Анна Львовна была еще неодета; около нее копошилась с надутой физиономией горничная и, упираясь одной рукой в спину барышни, другой рукой затягивала несходившийся тугой корсет. Спросив через дверь сестру, скоро ли она будет готова, и узнав, что не раньше половины девятого, Кедрович отправился к себе в кабинет отдохнуть свободных полчаса.
В кабинете он лег на диван. Спать не хотелось, и Кедрович взял со стоявшего вблизи столика книжку. Эта книжка, которую он часто просматривал во время отдыха, была для него чрезвычайно полезна, так как содержала в себе всевозможные mots[45], пословицы и поговорки на различных языках – латинском, французском, немецком и английском. Читая время от времени эту книгу, Кедрович почерпал оттуда много поучительного; не зная ни латинского, ни французского, ни немецкого, ни английского языков, он, тем не менее, благодаря этому неисчерпаемому источнику, владел в своих фельетонах в совершенстве всеми указанными языками. Никто, как он, из всех фельетонистов города не мог так кстати заметить в фельетоне, что the time is the money[46], – или воскликнуть по адресу покойника: sit tibi terra levis[47]! И когда в конкурирующих газетах Кедровича упрекали в том, что он никогда не бывает серьезен, а наоборот, слишком много шутит, забывая обличительное значение фельетона, он всегда находился и отвечал на чистейшей латыни, что он хочет ridendo dicere verum[48], прибавляя при этом вскользь по-французски, что «rira bien celui, qui rira le dernier»[49].
Лежа на диване, Кедрович позевывал и лениво перелистывал страницы своей настольной книги. Он заметил на одной из этих страниц интересное выражение: «аvе, Caesar, morituri te salutant»[50], выражение, с которым, несмотря на всю свою газетную начитанность, никогда не встречался. Он хотел было привстать, чтобы достать со стола карандаш и подчеркнуть интересное выражение, как вдруг в передней раздался звонок. Вслед затем у парадного входа послышался незнакомый женский голос, и в дверь кабинета постучали.
– Войдите, – проговорил с удивлением в голосе Кедрович, встав с дивана и обдергивая сзади пиджак; в такое время посторонние посетители обыкновенно его не тревожили.
В кабинет вошла пожилая дама, вся в черном, с заплаканными глазами. Она молча села в предложенное кресло и спросила:
– Вы господин Кедрович?
– Да, я, – отвечал тот, невольно обращая внимание на крупные бриллиантовые серьги, сверкавшие в ушах дамы при свете кабинетной лампы.
– Ага. Я читаю ваши статьи в «Набате».
– О-ох! – вздохнула она, доставая платок и сморкаясь, – я к вам по печальному делу: у меня умер муж.
Кедрович сочувственно наклонил голову и затем вкрадчиво спросил:
– Позвольте узнать вашу фамилию?
– Я – Троадис; вы наверно слышали фамилию мужа, у нас здесь несколько домов и пекарни, которые доставляют половину хлеба во всем городе.
Кедрович привстал, сделавшись еще любезнее и учтивее.

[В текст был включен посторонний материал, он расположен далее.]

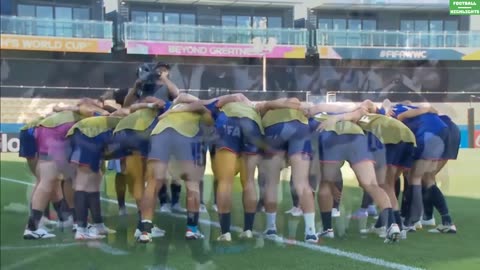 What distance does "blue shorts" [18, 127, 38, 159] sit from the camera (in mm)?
2820

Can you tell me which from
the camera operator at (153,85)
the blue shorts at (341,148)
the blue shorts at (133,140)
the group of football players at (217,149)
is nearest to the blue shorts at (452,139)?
the group of football players at (217,149)

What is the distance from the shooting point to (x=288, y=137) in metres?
3.10

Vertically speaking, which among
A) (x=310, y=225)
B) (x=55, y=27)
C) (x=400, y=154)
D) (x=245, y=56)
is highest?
(x=55, y=27)

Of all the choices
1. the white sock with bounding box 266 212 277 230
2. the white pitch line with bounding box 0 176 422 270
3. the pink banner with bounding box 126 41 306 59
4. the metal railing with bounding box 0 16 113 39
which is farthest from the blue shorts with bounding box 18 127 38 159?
the white sock with bounding box 266 212 277 230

– Как же, как же, фамилия Троадис известна мне, – проговорил он, – так ваш супруг скончался? Очень жаль, очень жаль! Да, все мы умрем, madame, нужно этим утешаться: ave, Caesar, morituri te… morituri marutant… – проговорил он, заикаясь, перепутав прочитанное несколько минут назад латинское выражение. – Это прекрасная фраза, madame, которую произносили римские гладиаторы, выступая на бой. Ваш муж также ушел с поля жизненной битвы гладиатором!

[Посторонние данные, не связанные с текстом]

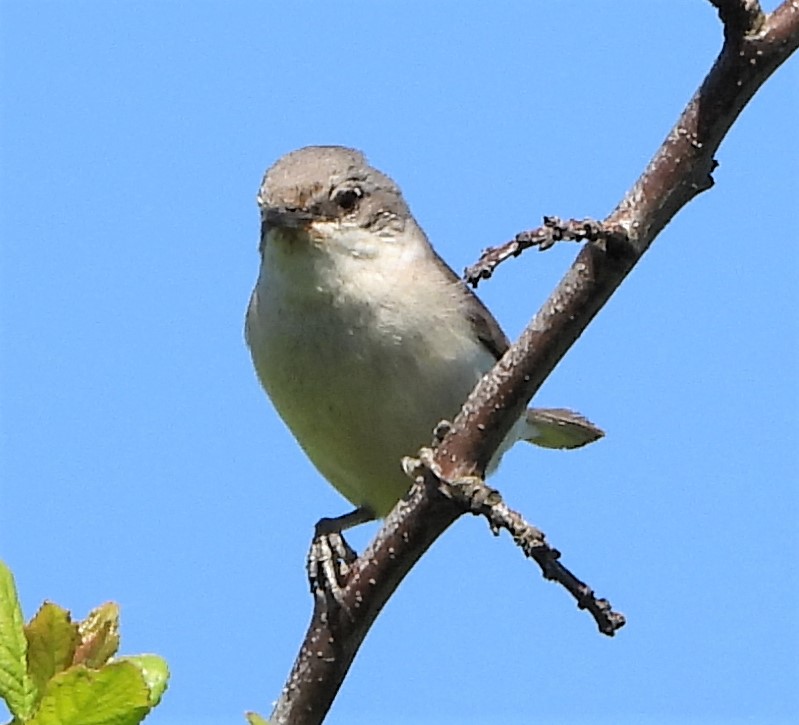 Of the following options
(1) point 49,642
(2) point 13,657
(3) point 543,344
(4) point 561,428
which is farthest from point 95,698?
(4) point 561,428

– Да, торговля у нас шла хорошо, это правда, – согласилась печально вдова, с уважением поглядывая на фельетониста, – и я не постесняюсь, господин Кедрович, заплатить за напечатание сколько нужно, даже больше таксы, если вы хорошо напишете про него. Главное – чтобы все видели, какой чудный он был человек.
В голове Кедровича мысли быстро побежали одни за другими. Михаил Львович что-то соображал, и глаза его слегка заблестели.
– Вы хотите, чтобы я написал? – спросил он наконец, не изменяя прежнего спокойного тона. – Вы хотите именно в фельетоне, в середине текста? – спросил он, делая ударение на выражении «в середине текста».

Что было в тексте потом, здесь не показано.